Around noon, Atta Jabber called to report that at about 11:30, an Israeli
Caterpillar bulldozer, escorted by about fifty-sixty soldiers, came to the
two-room house that his cousin Faraz Jaber had been building. In nine
minutes, the house was demolished. While that was happening, Atta Jaber
said that about thirty members of three other families living close by were
ordered to stay in their houses until the Israeli authorities completed the
destruction. CPT also received reports of a house Ishaq Irsaieh was
building near the junction of Highway 60 and the Yatta Road also being
demolished.

Thursday November 30, 2006

CPT Hebron went to At-Tuwani for an all-CPT Palestine team meeting.

Friday 1 December 2006

Shortly before noon, Lynes and McLean went to the Ibrahimi Mosque turnstiles
and the area beside the Gutnick center. Soldiers had killed a Palestinian
man from the Wadi Nasara area who had allegedly attacked a soldier with a
homemade gasoline bomb. They wanted to be on hand in case there was any
tension in the area because of the killing. Extra soldiers were in the area
and checked many IDs. No confrontations occurred. Levin joined the CPTers,
and the three attempted to go back to the CPT apartment through Gates 4/5
but sentries turned them back. One said it was because of the shooting.

Saturday, Dec. 2, 2006

During early morning school patrol, McLean and Lynes stationed themselves in
the area between Gates 4/5 and the outpost near the Gutnick Center. McLean
noticed a group of about 8 to 10 young pre-teen age Israeli settler boys
bearing down on a lone Palestinian youth trying to walk to school. The
settler boys began taunting him and then, surrounding him, began pelting him
with stones. McLean attempted to get between the settler boys and the
Palestinian but before she could, one raging settler boy tried to knock the
Palestinian boy to the ground by kicking him. When McLean did get between
them, the Palestinian boy dashed to where Israeli soldiers were standing.
The soldiers tried to stop the settler boys but by then, the Palestinian boy
had grabbed a stone and thrown it at them. After that, stones began
flying. McLean ducked and at the same time asked a gathering crowd of young
Palestinians to go on to school rather than join in the stone throwing,
which they started to do. Then, a Palestinian girl coming from another
direction was stoned by one of the settler boys. She ran to avoid being
hit. She then requested that the gathering crowd go to school to reduce the
violence. They left and things settled down until a young female
Palestinian came from the opposite direction. The settler boys' ringleader
then began throwing stones at her. McLean again intervened and the soldiers
forced the settler boys to be on their way. As they reluctantly cleared the
area, they waved their fists and shouted angrily at the soldiers.

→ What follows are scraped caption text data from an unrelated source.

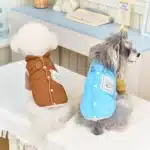 Gilet coupe vent sans manche pour petit chien 3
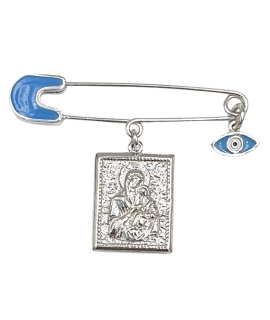 Child Pendant Silver "IC XP NI KA"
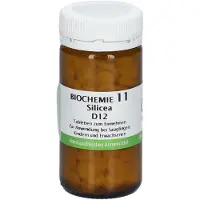 Bombastus Biochemie 11 Silicea D12 Tabletten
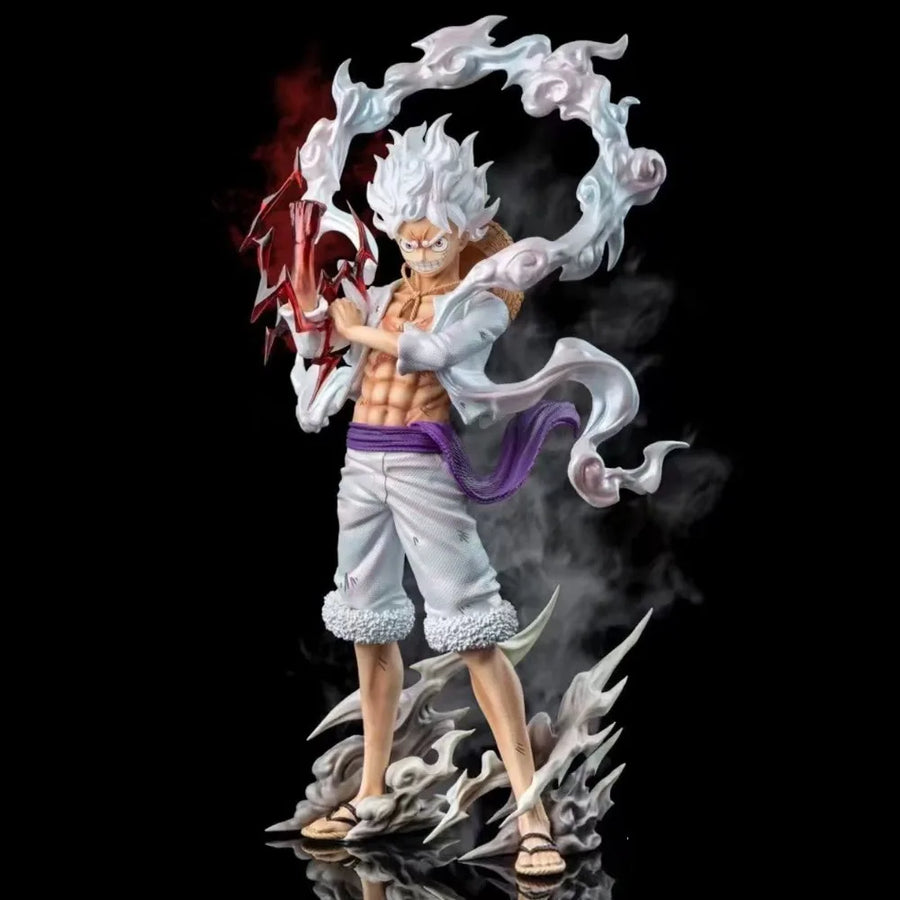 25 cm Gear 5 Luffy PVC Anime Figure Collectible Statue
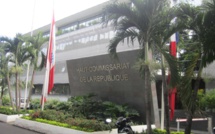 Mise en berne des drapeaux sur les édifices publics de l'Etat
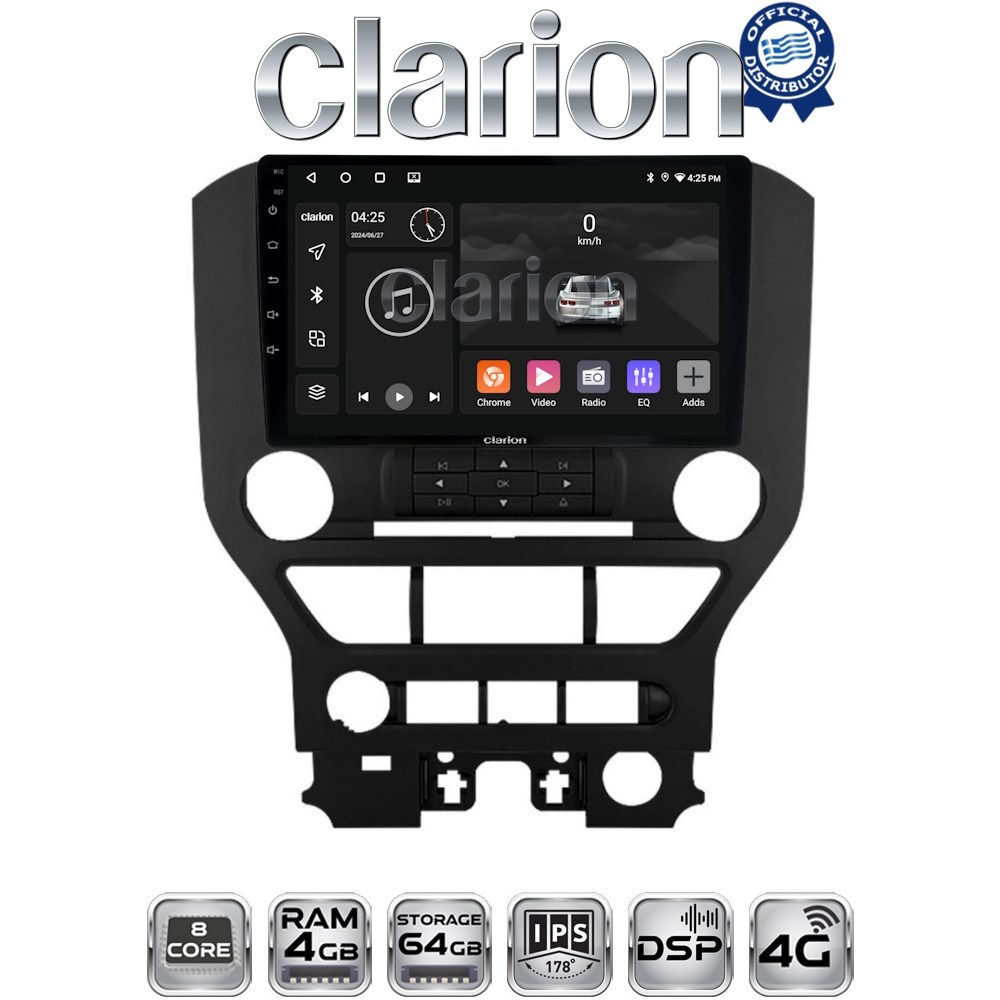 OEM για Ford Mustang 2015 > με 8Core 4GB/64GB OEM για Ford Mustang 2015 > με 8Core 4GB/64GB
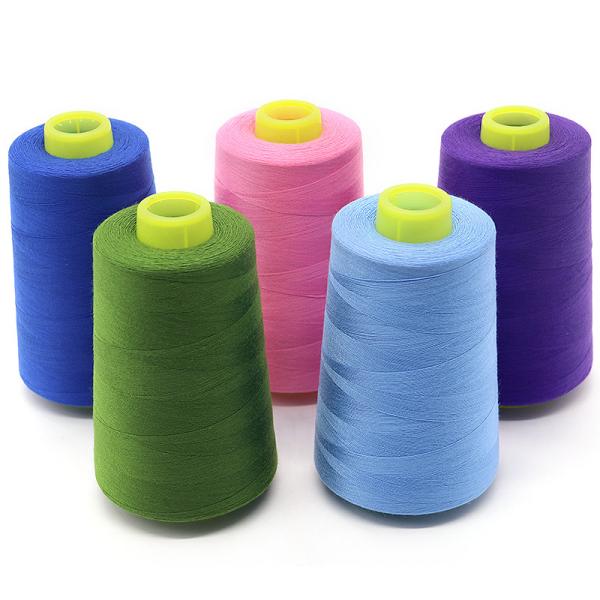 Polyester Sewing Thread Tkt120 Directly Item 100% Spun 40/2 3000yds for Pillow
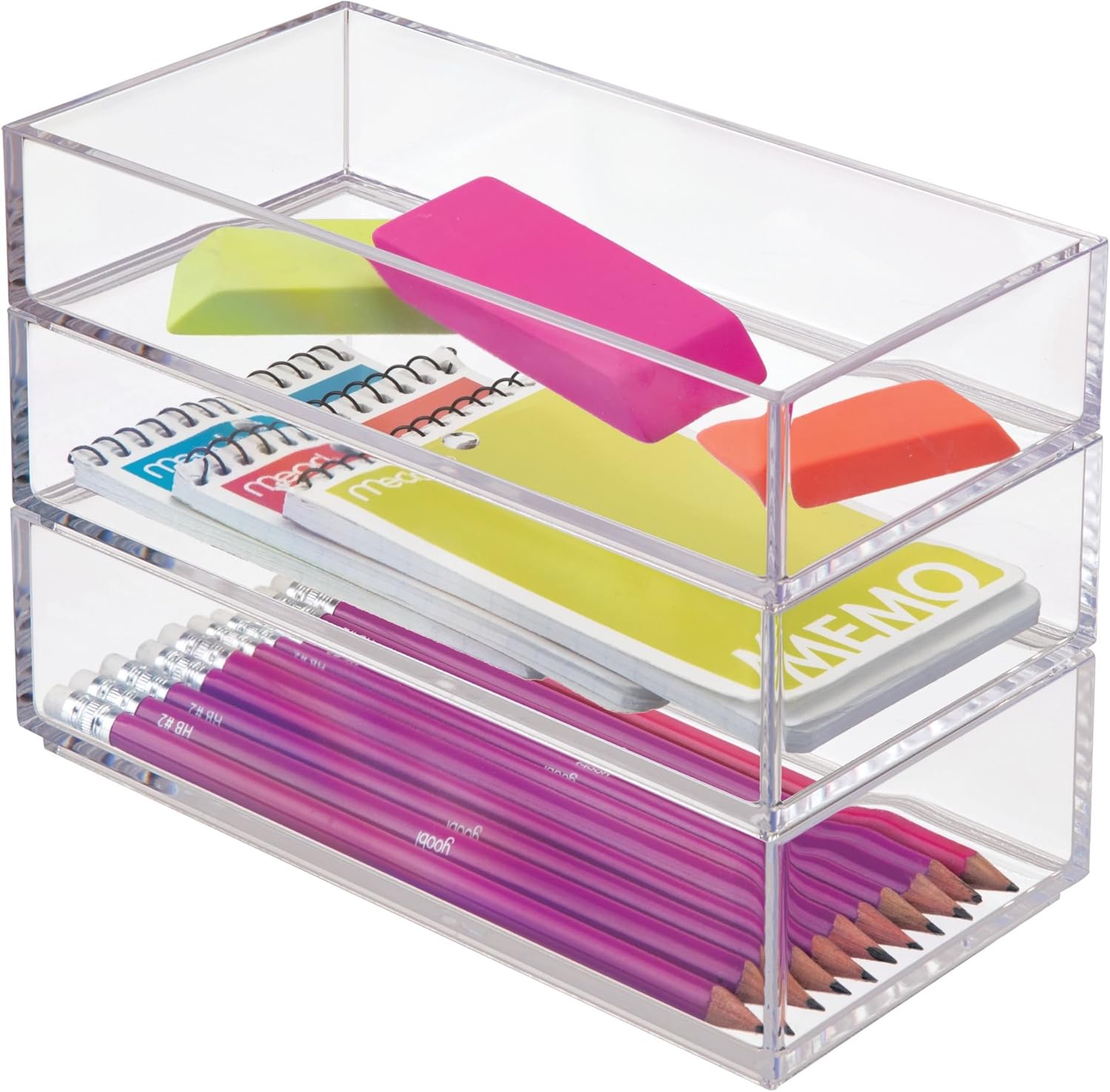 Organisateur de maquillage transparent : idéal pour un rangement élégant et pratique – Image 9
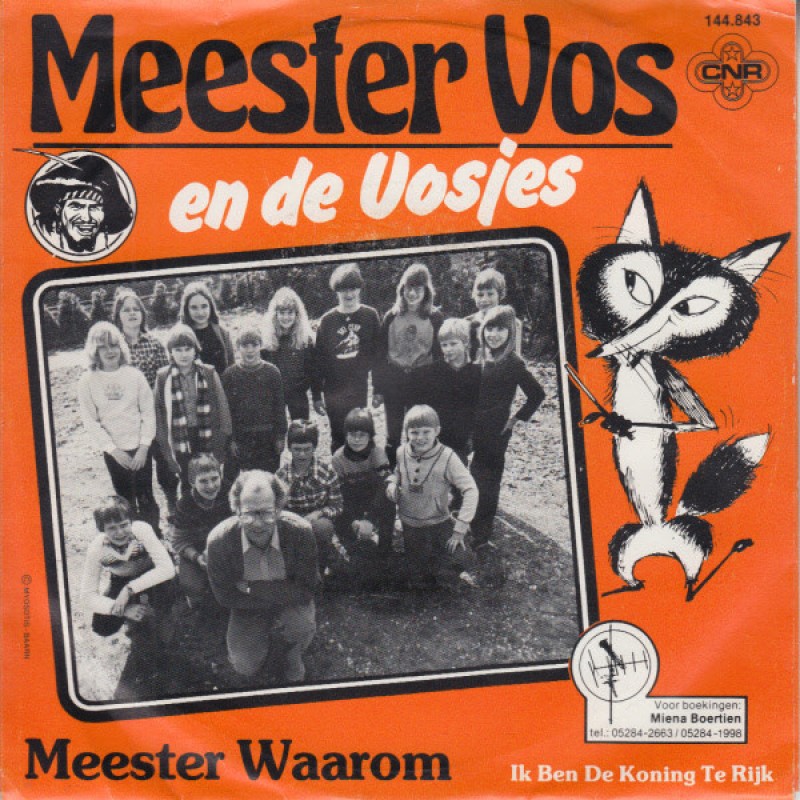 Meester Vos En De Vosjes–Meester Waarom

Levin and Uhler joined McLean and Lynes and all four started to return to
the CPT apartment via gates 4/5. However, soldiers turned them back, and
they had to go to the apartment via the Ibrahimi Mosque gate.

Lynes, McLean and Uhler went to a Palestinian Youth Association (PYA)
exhibition in H1 (The Palestinian administered area of Hebron) to see craft
items displayed there by women from Dura and surrounding villages. The
organizers invited CPT, along with various NGOs and international
organizations serving in Hebron, to leave handout material explaining their
service to the community. CPT made available a brand new trifold brochure
in Arabic created especially for this opportunity to describe its work.

At the end of the day, telephone and internet service had not been restored.